Things really need to start looking up soon. I'm just about full up of sadness and stress at this point.

 

fuck

After the fight with my boss yesterday, found out that he bounced my fucking paycheck. I called and screamed at him, but that really doesn't help anything.

Come in today, and realize that he bounced everyone's fucking paycheck. Everyone. I do not need this. I'm completely a wreck.

Wednesday, January 11, 2006

 

hell

All hell is breaking loose at work. People are gonna get fired, I'm gonna get 8000 more things to do, and my boss is a total jackass. It was all I could do not to spend my entire lunchbreak crying. And no one else knows yet, so I get the full fabulous weight of this knowledge.

 

stars

I was thinking about calling the boy tonight. For a lot of reasons that all sound very good, but really just mean that I want to hear his voice.

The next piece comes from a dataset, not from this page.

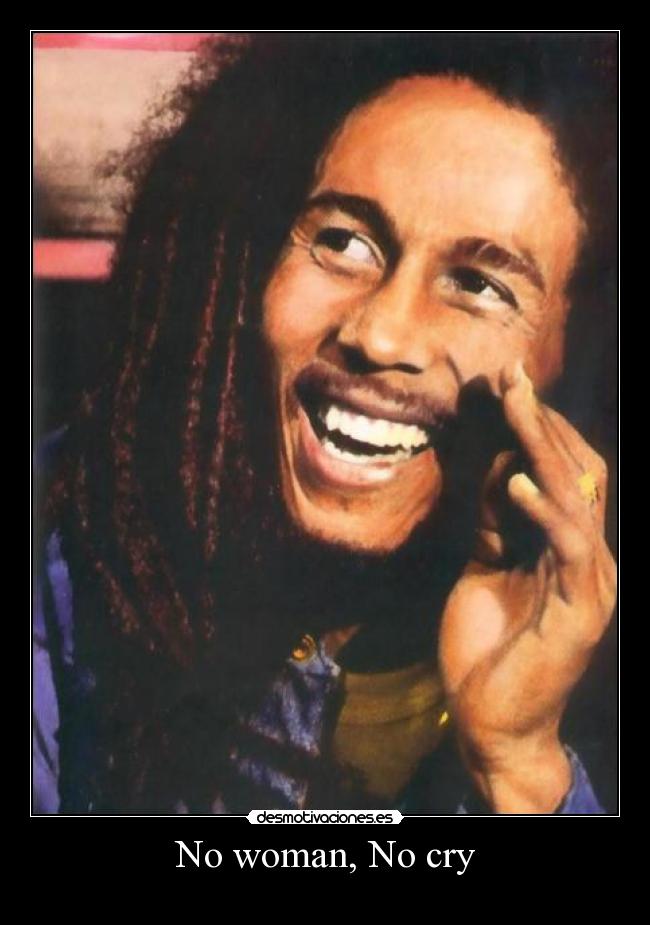 carteles bob marley reggae woman cry desmotivaciones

But, my horoscope says, "A disagreement over a philosophical perspective can become more emotional than intellectual today. It may be healthy to step back if the tension heats up too much, for no one will win an argument when feelings overshadow rational thought. Still, a good debate can bring new ideas to the surface. Just know when to let it go." I'm not like an astrology freak or anything remotely close to it, but that seems really forbidding, doesn't it?

Now I don't know what the fuck I'm going to do.

Tuesday, January 10, 2006

 

log

So, my roommate gave me a notebook she labelled a "stalk log" for Christmas. I've actually started to write in the damned thing. I know, how psychotic and pathetic. And how ridiculous, considering that I am trying so hard to wean myself off of the boy. I mean, I didn't keep a stalk log in my scariest stalker-iest moments, and I'm going to do it now? I guess it just sort of gives me a way to sort of focus on him, which I can't help doing, without causing any damage to myself or my attempts to emancipate myself from this pathetic lovesick prison that I've kept myself in for the last several years. I don't know. It is probably mostly stupid, like most of my actions pertaining to him, but if it gets me through the day to write down how many times he is checking his Myspace or some shit, then I guess I'll go with it - for now.

 

unfair

Maybe I am too hard on the boy. I was supposed to hang out with my friend Josh on Sunday, and not only did he never call to hang out, I haven't heard from him since. And I was a little annoyed at the time, but I'm not mad at him or holding a grudge or anything. If the boy had done that, when we were still talking, I would have beaten him to a bloody pulp, or yelled a lot, accused him of not being my friend or caring about me, or something like that.
I mean, I know, the more you care about someone, the more their bad behavior hurts, but still, it does seem like I've been so much harder on him than anyone else. And why would he like me back when I'm spending so much time beating him up for the way he disappoints me.
Maybe this is just me backpedaling, though. And I know I'm not supposed to do that. Fuck, man.

Monday, January 09, 2006

 

day

I was sure I was going to crack tonight, as soon as my roommate left for the bar and couldn't stop me from reaching for the phone. Instead, I smoke cigarettes in my room (a big no-no) and danced around to whiney girl music. Good for me, I guess.

 

status

I'm still doing well at not calling the boy, but my mind is at that dangerous point where rather than keeping focused on the task at hand, it keeps wandering to the topic to how he feels about my lack of attention, how rarely I'm calling. And the answer should be one of two things: either convincing myself that he really truly doesn't care, or that I don't care how it is having an effect on him, since that is not why I'm doing it. I'm doing it for me. But keeping on that path is very difficult. It is making my head hurt. And I have no good TV or netflix movies to distract me. This is very alarming. I hope I don't fuck up.

 

help

One of my well-meaning co-workers, who, granted, has little or no actual work to do, drew me a diagram on how to replace my kitchen light socket myself.
Which is really really nice that he took the time to do that. But, the idea of me going and playing with the electical wiring in my ancient apartment building is really either funny or scary. I didn't want to say, "Are you nuts? I'm just gonna call the landlord", though, so I was just like, "Thanks. This is super helpful!"

 

old

I watched the movie Oldboy on video last night. Damn, that is messed up. I watch a lot of out there stuff, but that movie gave me the heebie jeebies.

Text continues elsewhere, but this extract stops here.